What you have to do: Repeat, exactly and in full, the lines of the listing below, but without any pictures.

Records to use:
==============================

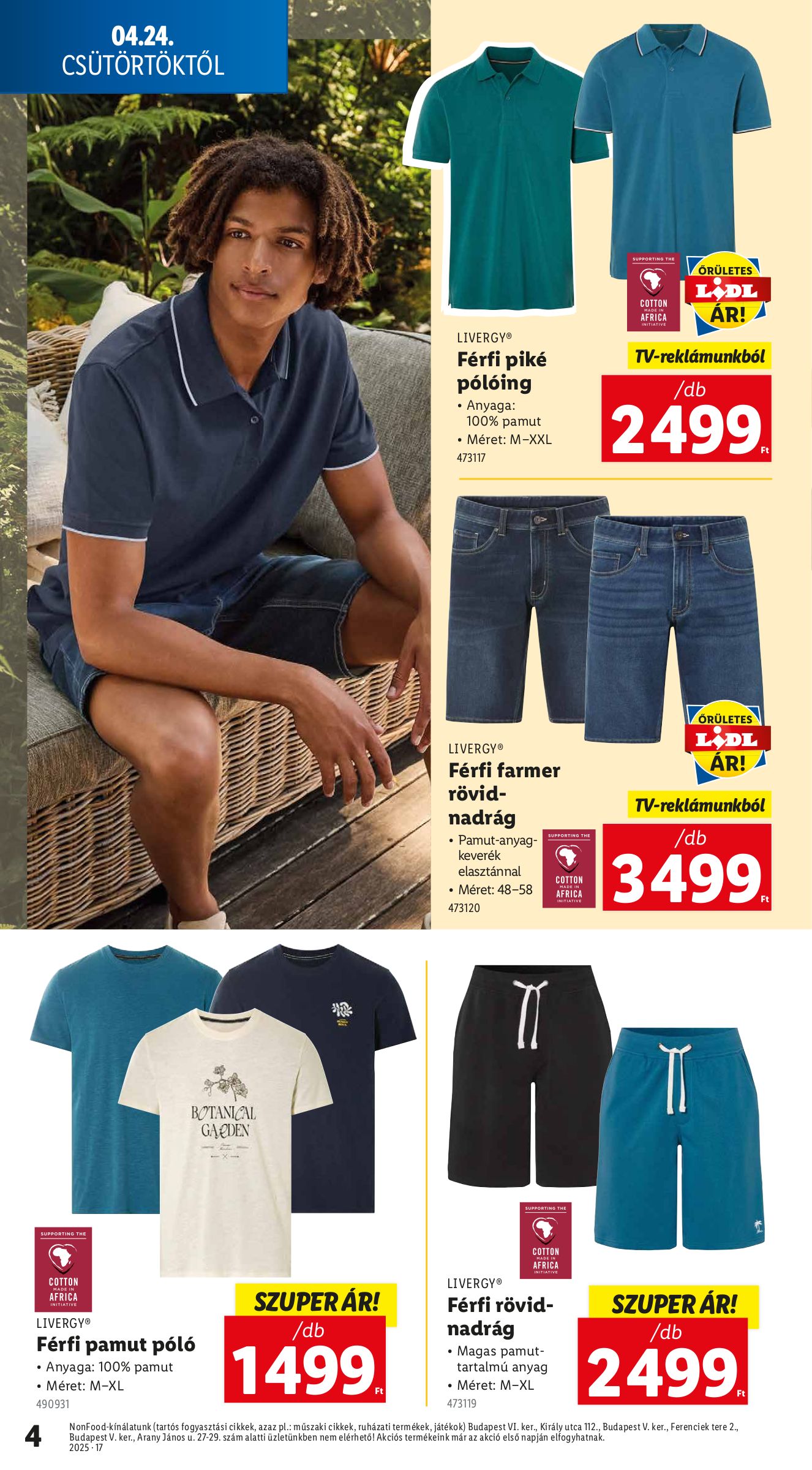 lidl - Lidl - Nonfood akciós újság, érvényes 04.24. - 04.30. - page: 4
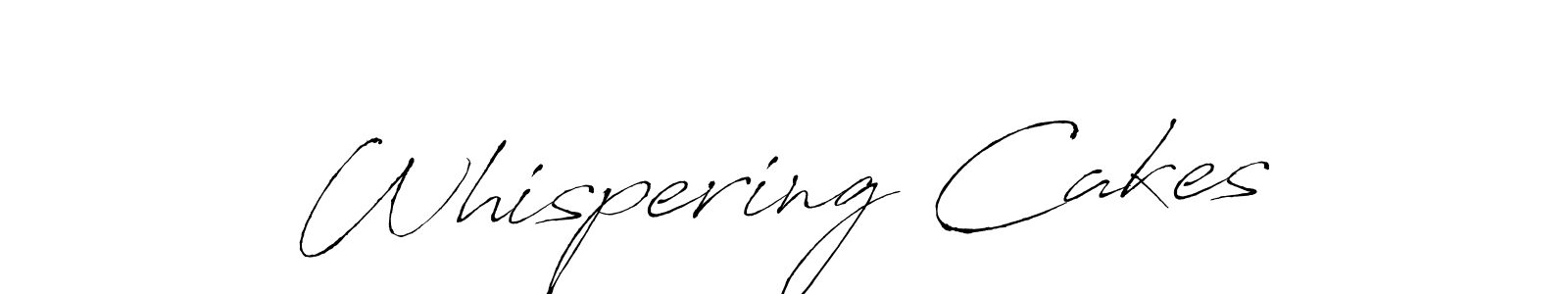 The best way (Antro_Vectra) to make a short signature is to pick only two or three words in your name. The name Whispering Cakes include a total of six letters. For converting this name. Whispering Cakes signature style 6 images and pictures png
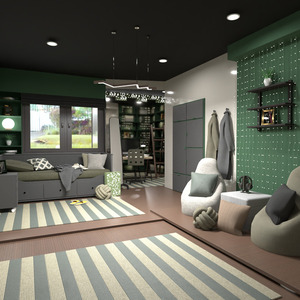 floorplans wystrój wnętrz sypialnia pokój diecięcy oświetlenie mieszkanie typu studio 3d
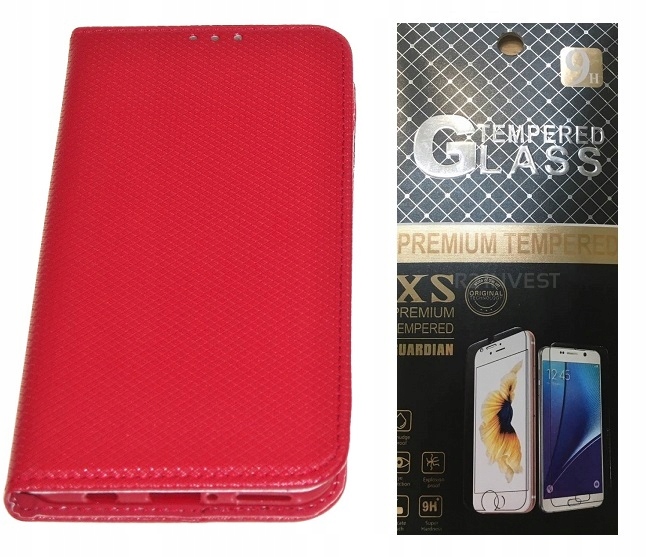 

Etui Klapka Book Magnet do Huawei P30 Lite + Szkło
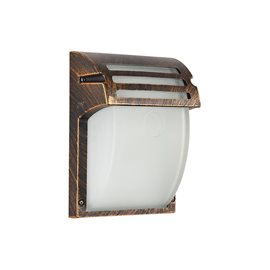 AMALFI MINI venkovní nástěnné svítidlo 1x E27 60W bez zdroje 20,5cm IP44, mosaz patina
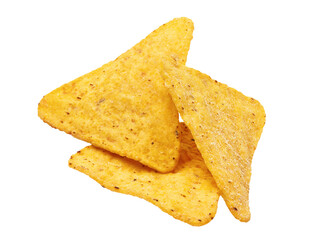 Delicious mexican nachos chips cut out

==============================

Exercise answer:
 lidl - Lidl - Nonfood akciós újság, érvényes 04.24. - 04.30. - page: 4
 The best way (Antro_Vectra) to make a short signature is to pick only two or three words in your name. The name Whispering Cakes include a total of six letters. For converting this name. Whispering Cakes signature style 6 images and pictures png
 floorplans wystrój wnętrz sypialnia pokój diecięcy oświetlenie mieszkanie typu studio 3d

Etui Klapka Book Magnet do Huawei P30 Lite + Szkło
 AMALFI MINI venkovní nástěnné svítidlo 1x E27 60W bez zdroje 20,5cm IP44, mosaz patina
 Delicious mexican nachos chips cut out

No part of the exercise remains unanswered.